8. The method for monitoring and early warning of urban flooding evolution based on multi-source data according to claim 7, characterized in that, The process for determining the drainage resistance index includes: If the actual inflow rate is negative, the corresponding unit is directly determined to be in an abnormal state, and subsequent ratio calculations are skipped. If the actual inflow rate is positive, calculate the sum of the actual inflow rate and the preset minimum positive number, and use it as the first sum value; The ratio of the theoretical drainage capacity value to the first sum value is calculated and used as a drainage resistance index.

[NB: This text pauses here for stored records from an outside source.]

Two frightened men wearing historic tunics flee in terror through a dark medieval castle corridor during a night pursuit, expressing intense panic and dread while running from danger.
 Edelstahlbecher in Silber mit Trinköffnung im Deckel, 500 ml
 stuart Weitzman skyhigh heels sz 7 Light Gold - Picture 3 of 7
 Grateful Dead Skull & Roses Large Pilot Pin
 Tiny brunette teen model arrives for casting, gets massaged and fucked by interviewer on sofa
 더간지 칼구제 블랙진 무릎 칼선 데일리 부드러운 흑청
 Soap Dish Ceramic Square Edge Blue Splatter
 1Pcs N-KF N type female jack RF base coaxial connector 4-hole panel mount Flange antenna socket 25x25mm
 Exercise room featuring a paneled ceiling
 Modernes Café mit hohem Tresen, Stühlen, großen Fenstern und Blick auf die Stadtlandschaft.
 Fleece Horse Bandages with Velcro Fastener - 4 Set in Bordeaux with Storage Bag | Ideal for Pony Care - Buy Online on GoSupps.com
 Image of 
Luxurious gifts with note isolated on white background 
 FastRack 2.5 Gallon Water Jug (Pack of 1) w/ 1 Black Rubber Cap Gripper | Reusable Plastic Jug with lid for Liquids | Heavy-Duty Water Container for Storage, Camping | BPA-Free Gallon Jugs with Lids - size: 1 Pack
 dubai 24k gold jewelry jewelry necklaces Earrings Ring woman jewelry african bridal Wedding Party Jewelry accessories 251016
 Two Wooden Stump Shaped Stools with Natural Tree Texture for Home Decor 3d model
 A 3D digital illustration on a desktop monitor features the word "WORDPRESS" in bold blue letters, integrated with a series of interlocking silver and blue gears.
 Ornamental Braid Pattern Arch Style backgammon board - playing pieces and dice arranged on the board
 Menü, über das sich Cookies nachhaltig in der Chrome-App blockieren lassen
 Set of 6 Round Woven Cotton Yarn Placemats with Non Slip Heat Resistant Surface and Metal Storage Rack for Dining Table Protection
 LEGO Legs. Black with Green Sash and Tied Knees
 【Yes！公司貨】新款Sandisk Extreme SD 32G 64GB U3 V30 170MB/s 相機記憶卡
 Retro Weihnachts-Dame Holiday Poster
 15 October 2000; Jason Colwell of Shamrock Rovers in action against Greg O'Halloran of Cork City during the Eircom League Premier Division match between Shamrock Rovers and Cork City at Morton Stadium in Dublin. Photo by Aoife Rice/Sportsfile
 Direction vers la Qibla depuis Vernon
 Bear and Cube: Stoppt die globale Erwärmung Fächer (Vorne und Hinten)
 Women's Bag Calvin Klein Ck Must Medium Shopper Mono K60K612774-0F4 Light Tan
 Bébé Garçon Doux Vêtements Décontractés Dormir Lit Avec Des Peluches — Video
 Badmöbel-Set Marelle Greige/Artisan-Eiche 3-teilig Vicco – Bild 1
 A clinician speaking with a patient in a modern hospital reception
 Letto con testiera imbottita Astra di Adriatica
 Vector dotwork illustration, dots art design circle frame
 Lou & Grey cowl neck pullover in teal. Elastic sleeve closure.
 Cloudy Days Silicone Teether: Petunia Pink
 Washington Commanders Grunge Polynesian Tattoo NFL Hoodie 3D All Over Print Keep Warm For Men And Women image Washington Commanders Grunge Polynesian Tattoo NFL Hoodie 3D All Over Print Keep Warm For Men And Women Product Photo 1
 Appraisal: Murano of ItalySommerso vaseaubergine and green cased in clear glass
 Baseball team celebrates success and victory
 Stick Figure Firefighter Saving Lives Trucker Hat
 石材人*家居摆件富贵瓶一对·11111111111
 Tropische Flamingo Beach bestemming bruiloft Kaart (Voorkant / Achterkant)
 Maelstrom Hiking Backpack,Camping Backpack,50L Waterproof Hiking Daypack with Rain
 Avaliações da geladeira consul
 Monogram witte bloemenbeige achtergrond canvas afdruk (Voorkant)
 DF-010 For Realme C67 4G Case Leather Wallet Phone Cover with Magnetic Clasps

9. The method for monitoring and early warning of urban flooding evolution based on multi-source data according to claim 1, characterized in that, The process of generating corresponding drainage anomaly labels based on standardized obstruction indices and neighboring average obstruction indices includes: For each monitoring unit, if the standardized obstruction index of the monitoring unit is higher than a preset first threshold and the average obstruction index of the neighbors is not higher than a preset second threshold, a first drainage anomaly label is generated; wherein, the first drainage anomaly label is used to indicate that there is a local physical blockage in the space represented by the monitoring unit. If the standardized resistance index of the monitored unit is higher than the preset first threshold, and the average resistance index of the neighboring unit is also higher than the preset second threshold, a second drainage anomaly label is generated; wherein, the second drainage anomaly label is used to indicate that there is system hydraulic backing in the space represented by the monitored unit.